A Compendium of Useful Information for the Practical Man/Masonry

Wall, Stone Rubble


In rubble masonry the stones are not dressed. In ordinary rubble masonry, the work is brought up in courses, the depth of which depends to some extent on the thickness of the stone to be procured from the quarry. The stones should be laid in mortar and carefully fitted; face stones must tail in or be bonded into the backing; for rubble walling, as many through stones as possible should be introduced; this also, to some extent, will depend on the materials to be procured. The work should be brought up in courses not exceeding fifteen inches in depth, or thereabouts, well flushed in mortar worked into every crevice until the whole is well filled in. The stones in the face work should be hacked square, and the joints carefully pointed. The backing should consist of flat bedded stones, as large as may be procured; they should be well fitted together, obtaining as much bond as possible, made solid in mortar, and brought up level with every course of face work; no scabbling should be wasted, but they should be packed into the mortar between the vertical joints of the work; this saves mortar and makes better work; the hammer should be freely used, but not so as to risk the breaking of any of the bedded stones. Walls built of rubble two or three feet thick require a good deal of attention in the bringing up, and according to their magnitude a proportional quantity of workmanship and hammer dressing and hacking must be introduced. Rubble takes a good deal of mortar and flushing, and the consequent settlement of the work must be provided for, more particularly where the walls are of any height. Good work may be procured without coursing, if proper attention be paid to the bringing up of the work, but there can be no good work, or anything of the kind without bond, through stones, and fitting the work together.

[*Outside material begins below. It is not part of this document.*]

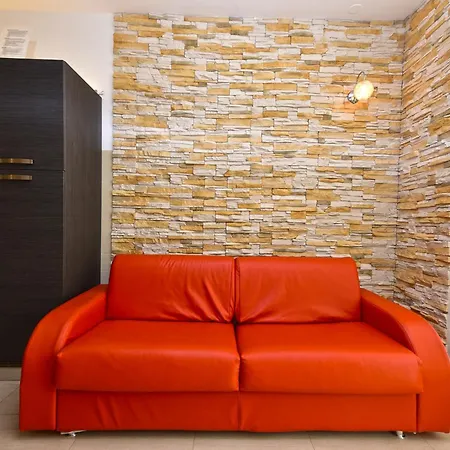 Volme 2445 Apartman *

Where the rubble is uncoursed, a tolerably level course should be introduced at about every two or three feet, depending a good deal upon the size of the stone used, and the workmanship introduced into the work, and this course should be thoroughly well grouted.

In random rubble, the stones are often used to some extent as blasted from the quarry; where the work is well fitted, when there are sufficient large stones introduced, well filled in with smaller ones, very good work may be produced with sufficient thickness of walling, and the work well filled in; bond is equally attainable here as in the former work, if some attempt be made to obtain it.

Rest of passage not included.